■ Work instructions ■
If you see a picture in the data below, omit it and copy the rest exactly.

■ Data provided ■

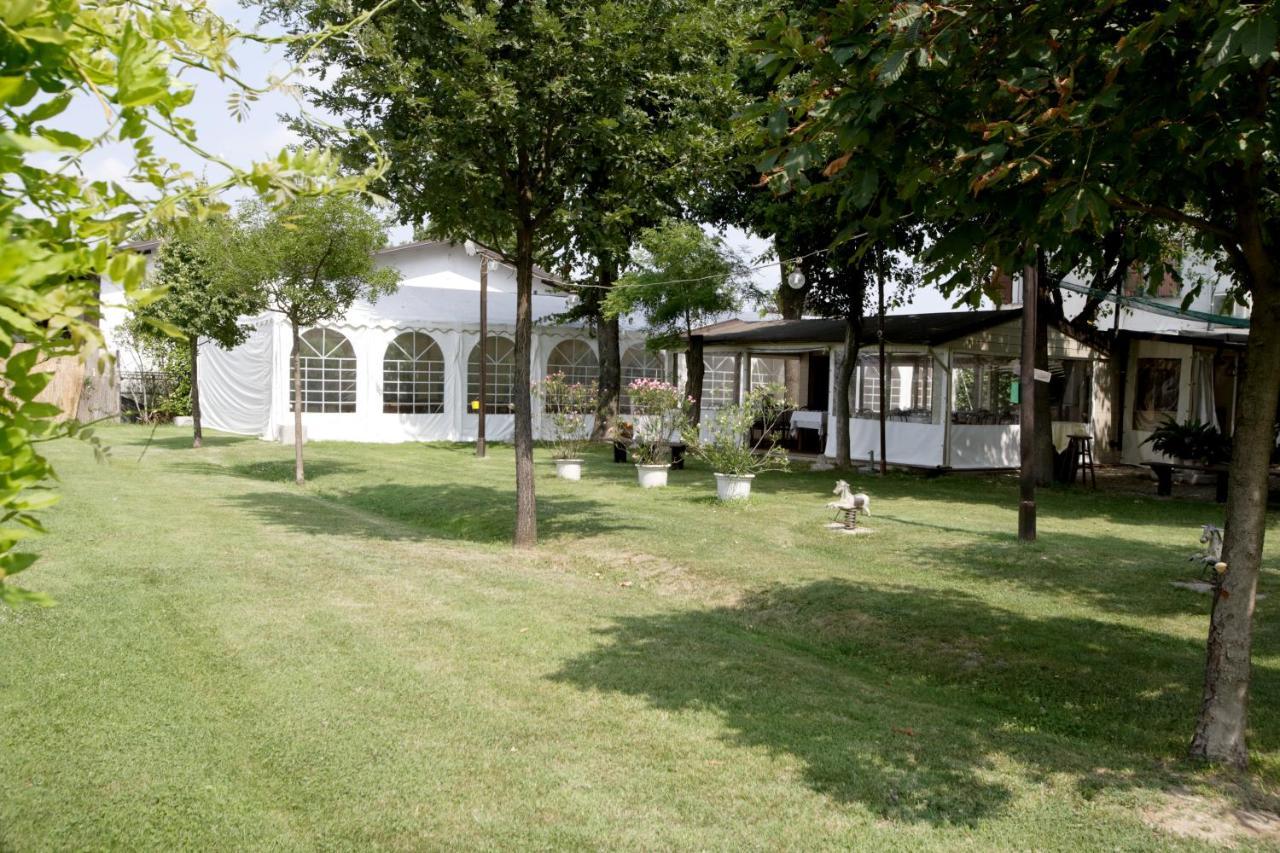 Agriturismo Casa Carpanelli Nonantola المظهر الخارجي الصورة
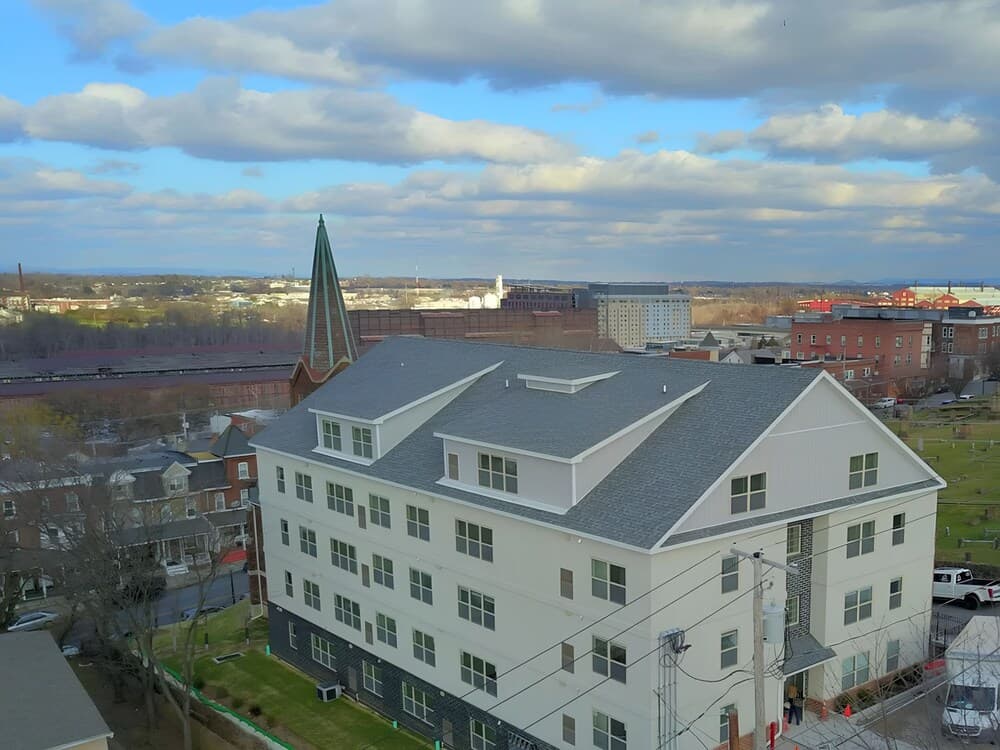 Dış mekân detayı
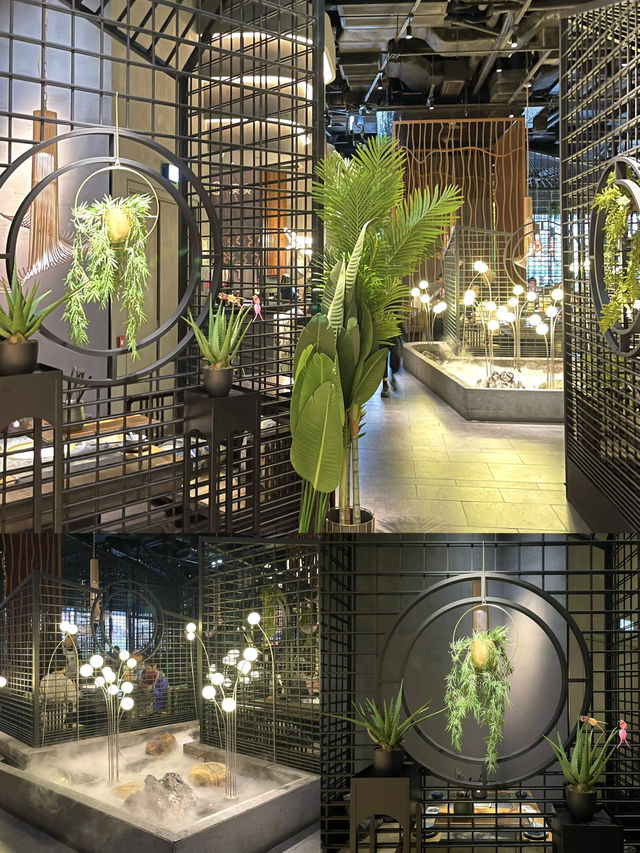 香港吃喝玩樂好去處💕K11 musea 湊湊火鍋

■ Written solution ■
 Agriturismo Casa Carpanelli Nonantola المظهر الخارجي الصورة
 Dış mekân detayı
 香港吃喝玩樂好去處💕K11 musea 湊湊火鍋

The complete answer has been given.